The tribute to Gen. Carlos Prats and Sofia Cuthbert was organized by the Chilean Embassy in Buenos Aires.
Two of the couple’s children, Sofia and Cecilia, were present for the unveiling of a plaque in the capital’s Chile Square that commends their father “for fulfilling his military duties and defending republican traditions.”
Chile was represented by Ambassador Jose Antonio Viera Gallo and senior officials from the interior and defense ministries.
Argentine Judge Maria Servini de Cubria, who led the long-delayed investigation into the 1974 crime, was also in attendance.
“This tribute is very comforting for us. It’s very important and very moving,” Cecilia Prats told EFE.
Prats and Cuthbert died on Sept. 30, 1974, in the Buenos Aires neighborhood of Palermo, when a bomb attached to the bottom of their car went off.
Gen. Prats was a “constitutionalist” whose refusal to countenance a coup against Socialist President Salvador Allende led to his ouster as Chile’s army chief in August 1973.
After the violent putsch led by Pinochet (1915-2006) on Sept. 11, 1973, Prats and his wife went into self-imposed exile in Argentina, but agents of Chile’s DINA secret police pursued them to Buenos Aires and killed them.
Cecilia Prats stressed the need to preserve for future generations her father’s “position of respect for the constitution.”
In 2000, Judge Servini de Cubria she sentenced former DINA agent Enrique Arancibia Clavel to life in prison as an accomplice to the murders, though he was released in 2007 and slain in Buenos Aires four years later.

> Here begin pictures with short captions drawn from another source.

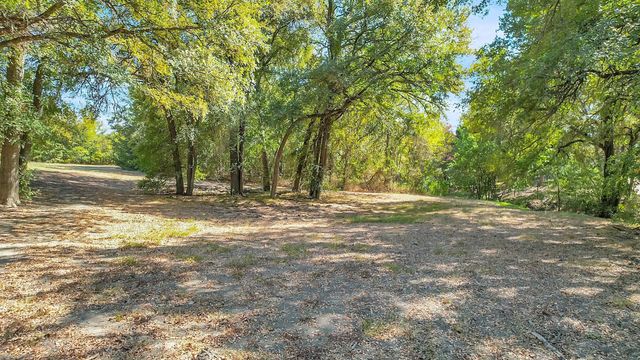 133 Falcon Point Drive, Heath, TX 75032
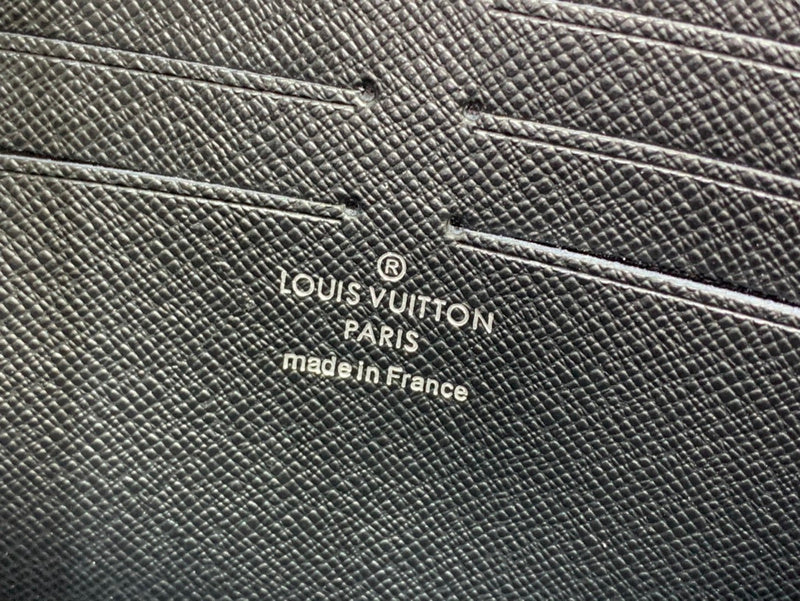 Franco Shops - Louis Vuittons  - 15225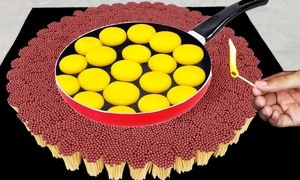 نیمرو کردن تخم مرغ با چوب کبریت (ویدیو)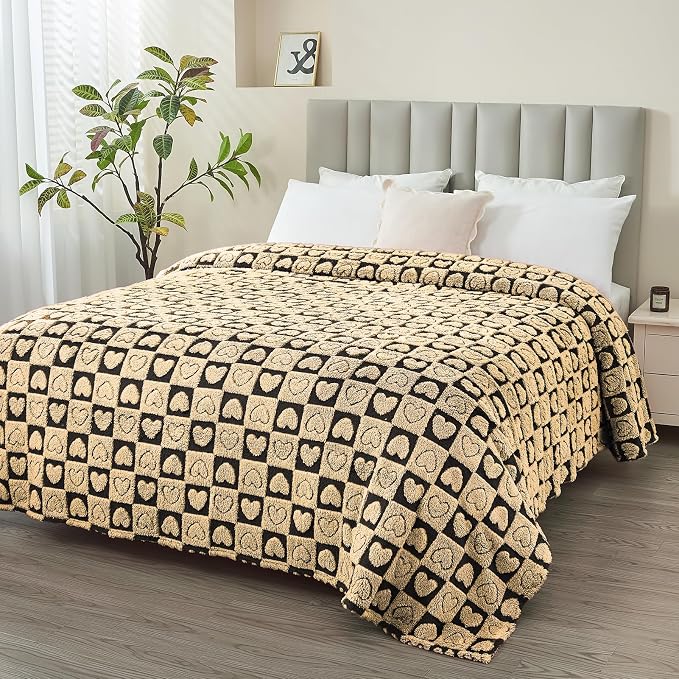 FY FIBER HOUSE Throw Blankets with Heart Checkered,Soft Warm Blankets for Lover Mom Father Friends Gifts,Washable Lightweight Fuzzy Blanket for Couch Sofa Bed All Season(Black Brown,90"x108")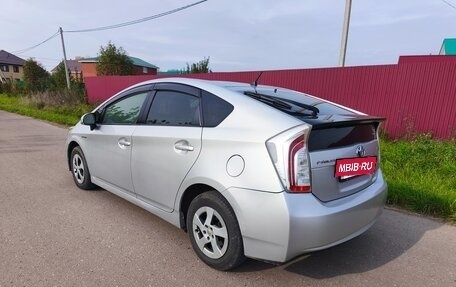 Toyota Prius, 2012 год, 1 200 000 рублей, 6 фотография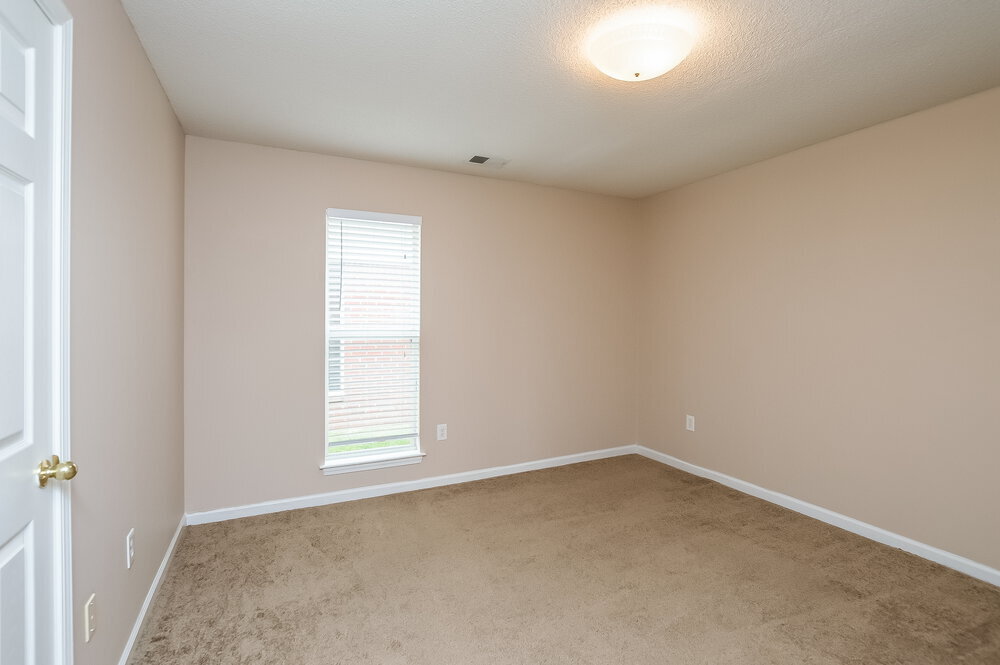 Building Photo - 5378 Russell Dr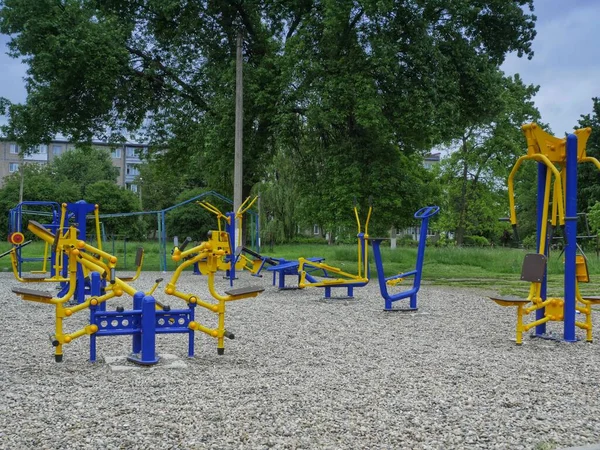 Casa Park Trees Park Playground Park Building Park Storm Park Imagen de stock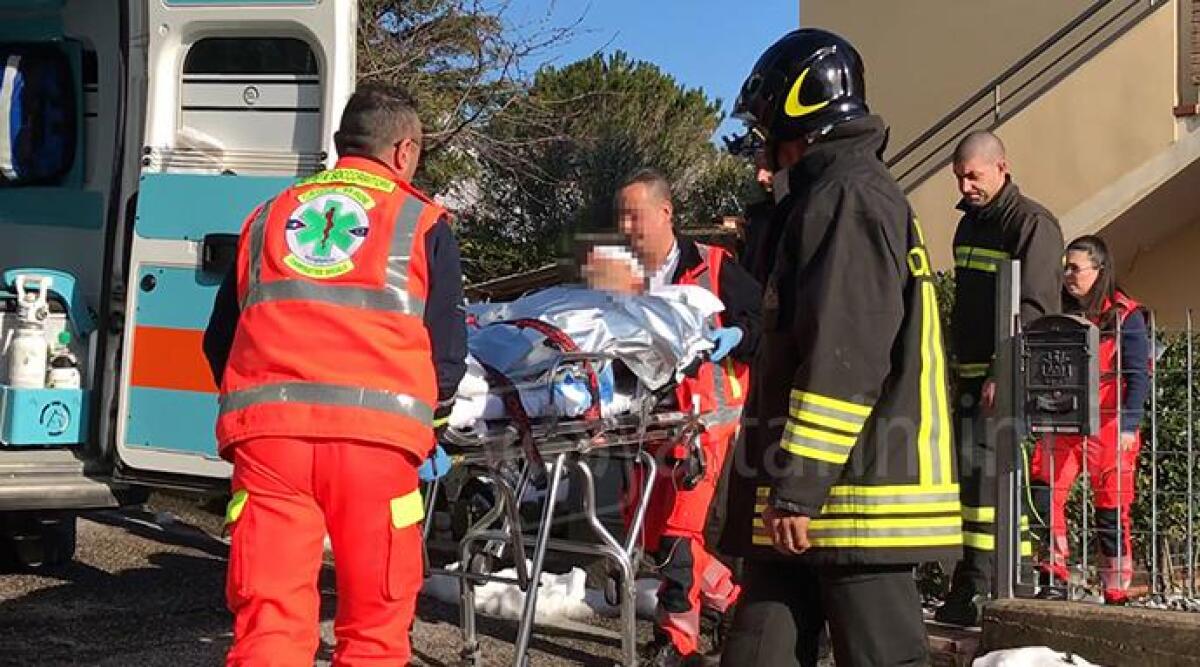 VIDEO: scoppia l'acido mentre stura lavandino, 42enne di Talamello gravemente ustionato. In elisoccorso al 'Bufalini' -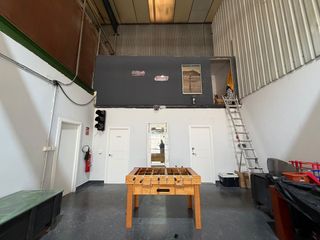 Geschäftsraum in Ubarburu Pasealekua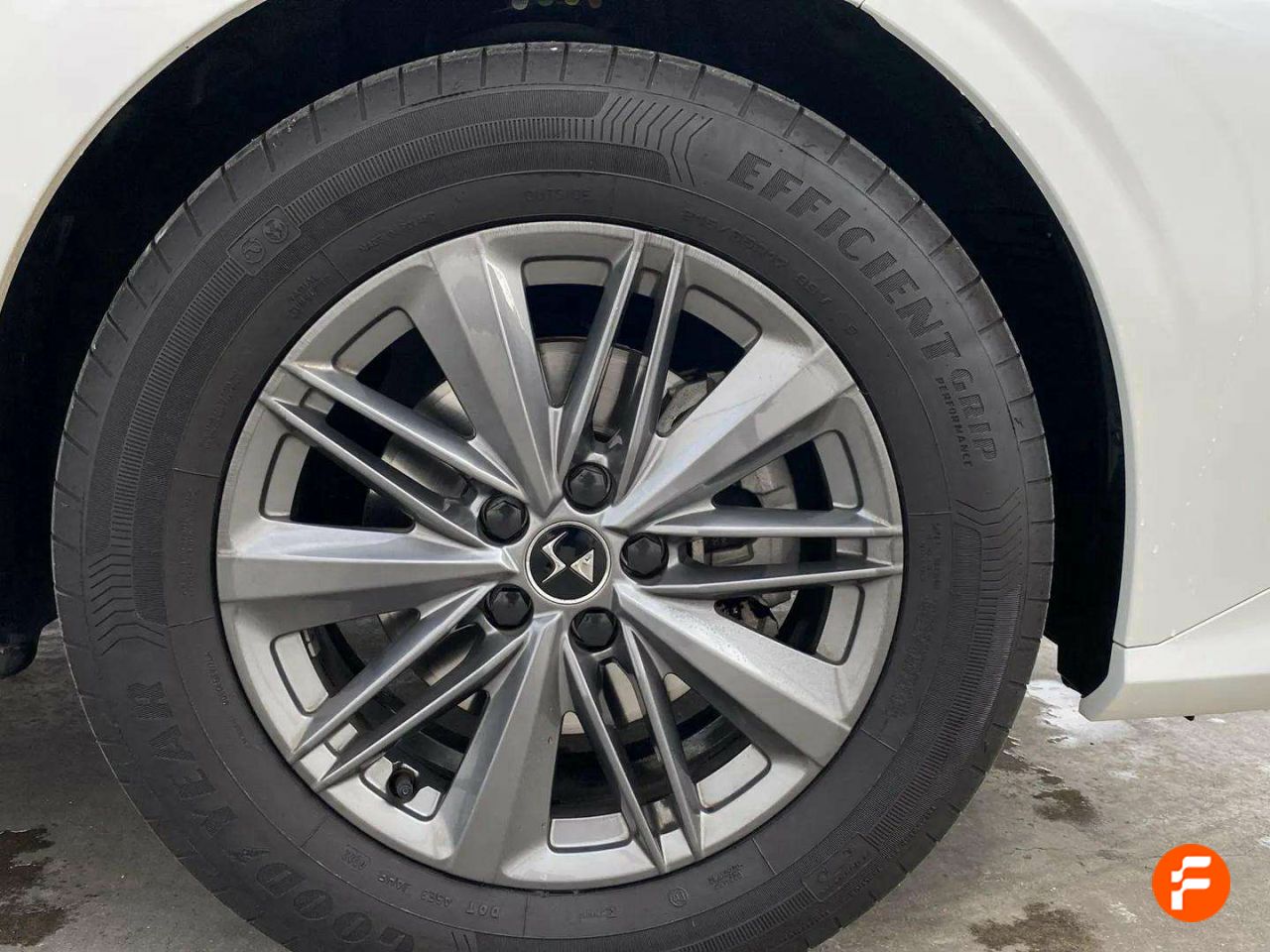 Foto DS Automobiles DS 4 18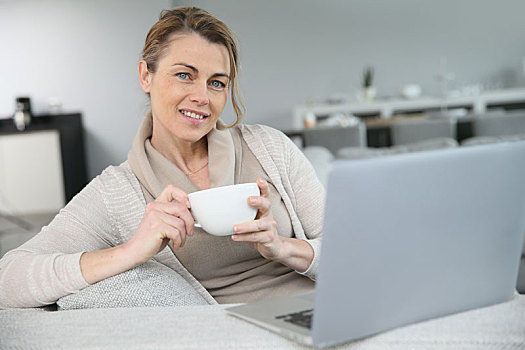 成年,女人,放松,咖啡杯,正面,笔记本电脑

Subsequently, a Chilean court handed down two life sentences to retired Gen. Manuel Contreras for the killings of Prats and his wife.
Contreras, who died in 2015, directed DINA during the early years of the 1973-1990 Pinochet dictatorship.
Chilean Judge Santiago Alejandro Solis also imposed sentences ranging from 541 days to 20 years on six other military men – two of them generals – and two civilians for their role in the crime.